Ну, дядька не стал ерепениться, хлопнул как обычно жбан  и потянулся за вторым, но бабуся сказала, что старый самогон кончился, а новый  «ещё не подошёл», и дядьке пришлось компенсировать это стаканом водки. Вот.
   В общем,  пошли  мы в сельсовет. Дядька и я. По дороге дядька забежал в потребиловку  и взял, по его словам, «пузырёк». Половину тут же выдул сам, а оставшуюся заставил  выпить меня. –Для храбрости,- пояснил он.
  И дейсвительно.  Минут через десять, уже сам чёрт  был мне не брат. Всё мне было трын-трава,  и хотелось дурачиться, петь и танцевать.  Правда, и подраться хотелось. Набить кое-кому ряшку.
   Пришли мы в сельсовет, и тут выяснилось, что дядькину «руку» давно выкинули  и вместо него сидит какая-то мымра. Причём бешеная.
  Увидев нас мымра вскочила и прямо зашлась в крике. – Куда,- кричит,- прётесь? Не видите, я обедаю!
  Смотрим, действительно обедает. На столе пироги, мясо, бутылка с чем-то красным  и зелень.
 Мы проглотили быстренько слюни и выскочили на улицу. Заходим через час. Мымра эта, секретарша сельсовета, помягчела после сытного обеда, порозовела от выпитого  и ласково, так, спрашивает.- Ну что,- спрашивает,- припёрлись? Что надо?
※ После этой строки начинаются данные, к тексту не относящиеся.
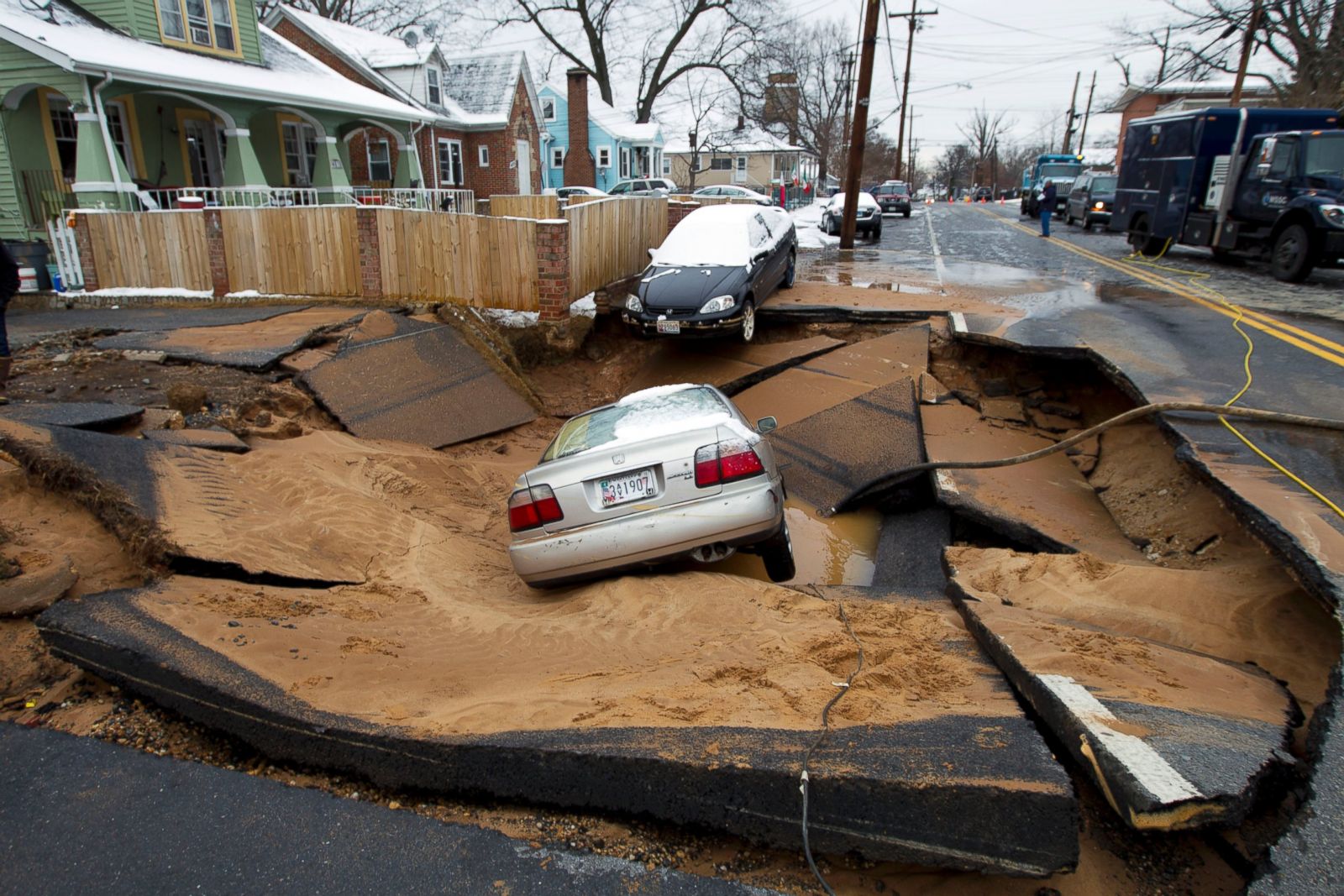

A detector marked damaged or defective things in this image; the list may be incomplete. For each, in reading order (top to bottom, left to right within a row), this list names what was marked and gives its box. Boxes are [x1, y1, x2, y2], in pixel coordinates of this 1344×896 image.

   Ну, дядька объяснил, так мол и так, нужна метрика.
-Кому? –мымра пялится на нас- Кому  метрику?
Дядька показывает на меня. –Вот этому молодцу. – Секретарша захохотала. – Этому алкашу, что ли? Он же на ногах не стоит! Ему не метрику, а в ЛТП прямая дорога. И что, -перестаёт она хохотать, -он, что у вас, до сих пор без метрики? Сколько ему лет?
-  По- моему,  где-то пять.- говорит дядька.-  А может и шесть,- добавляет он.
-А что вы шесть лет делали?  О чём думали? – Секретарша достаёт бланк.- Мужика  уже женить пора, а они ему только сейчас  метрику берут. Ну, народ! Вы бы ещё лет через двадцать  бы  пришли!
 Уффф! Ну, ладно. – Секретарша берёт  ручку.- С какого он года?
-Дядька смотрит на меня.- Слышь? С какого ты года?
Я пожимаю плечами и покачиваюсь.
- Он осенью родился,- говорит дядька. – Когда картошку копали.
- Я вас не о картошке спрашиваю! –начинает сердиться секретарша.- Я что, в метрику картошку внесу? Мне его год рождения нужен!
Дядька опять смотрит на меня. А опять пожимаю плечами. – Не знаю, -говорю, - и вообще мне эта метрика нужна как корове седло. Пойдём лучше вмажем.
- А есть?- радостно вскидывается дядька, но тут же спохватывается. – Ты это брось, -говорит он неуверенно.- Это потом. – А сейчас нам год нужен. Год твоего появления на свет.  Кумекаешь?
-Нет.
- Ладно,- смотрит дядька  на секретаршу, -напишите уж сами какой- нибудь.
год. Одним больше, одним меньше, какая  разница?  Напишите сами, очень просим.
Секретарша недовольно хмыкает. – А месяц, число, - спрашивает она.
Дядька вздыхает.- А бес его знает месяц и число. Осень была. Опять же картошку…
-Слушайте! –взрывается секретарша, -вы заткнётесь сегодня с этой картошкой?  Заладили как попугай, картошка,  картошка. Когда вы её копали эту картошку. В сентябре, октябре, ноябре? А может и вовсе в декабре!
-Точно в декабре,- встреваю я.- Помню холод собачий был.
- Уффф! – Вздыхает секретарша,- замучили совсем! Ну вот что! Я напишу тридцать первого декабря, а год впишите сами. –Лады?
-Лады!- Радуется дядька.- Год мы нарисуем!
-Ну вот и хорошо,- успокаивается секретарша и протягивает мне метрику. –Поздравляю вас с днём рождения!
-Спасибо!- ору я и мы  вылетаем за дверь.
  Вот так случилось, что я до сих пор не знаю настоящей даты своего рождения.Это дядька потом вписал год, по которому мне сегодня девяносто лет. Да оно, может быть, и лучше когда не знаешь. Как говорится, будешь много знать, скоро состаришься. А я стареть не хочу. И вы не старейте. По крайней мере, душой. Вот!